-------- DATA FOR ANALYSIS
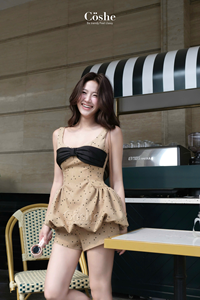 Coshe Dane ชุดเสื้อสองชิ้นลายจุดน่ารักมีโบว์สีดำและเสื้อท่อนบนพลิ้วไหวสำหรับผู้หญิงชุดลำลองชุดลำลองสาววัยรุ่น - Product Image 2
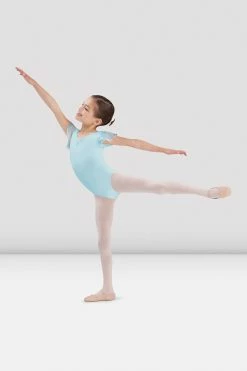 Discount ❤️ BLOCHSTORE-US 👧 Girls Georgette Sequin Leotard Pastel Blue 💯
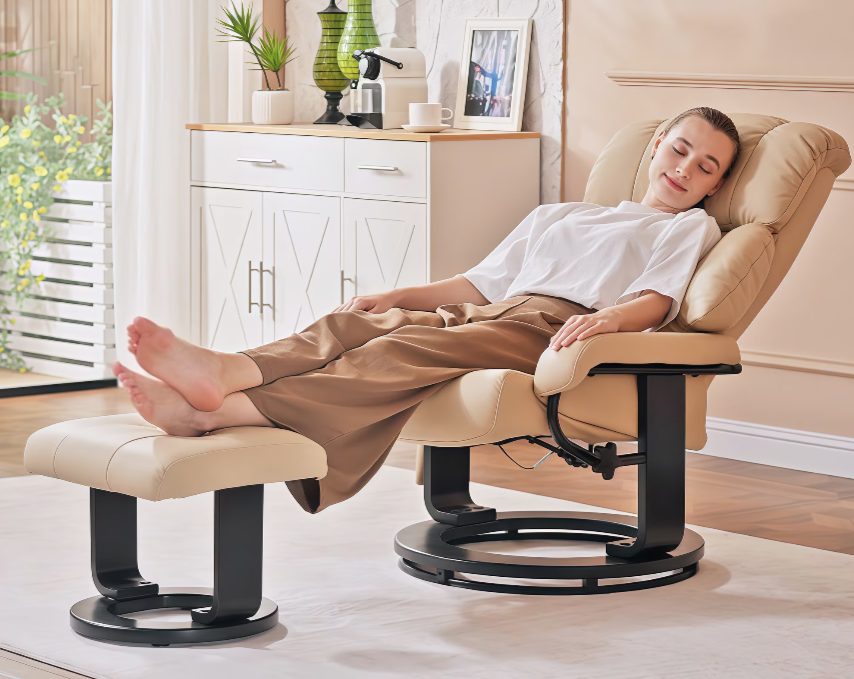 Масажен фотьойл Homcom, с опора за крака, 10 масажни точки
----------------
-------- DATA FOR ANALYSIS
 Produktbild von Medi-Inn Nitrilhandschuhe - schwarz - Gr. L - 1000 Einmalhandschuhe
----------------
The answer is those lines of the material above that run from the one containing "Discount ❤️ BLOCHSTORE-US" up to and including the one containing "Масажен фотьойл Homcom, с", restated exactly and without images.

## PROBLEM SOLUTION
 Discount ❤️ BLOCHSTORE-US 👧 Girls Georgette Sequin Leotard Pastel Blue 💯
 Масажен фотьойл Homcom, с опора за крака, 10 масажни точки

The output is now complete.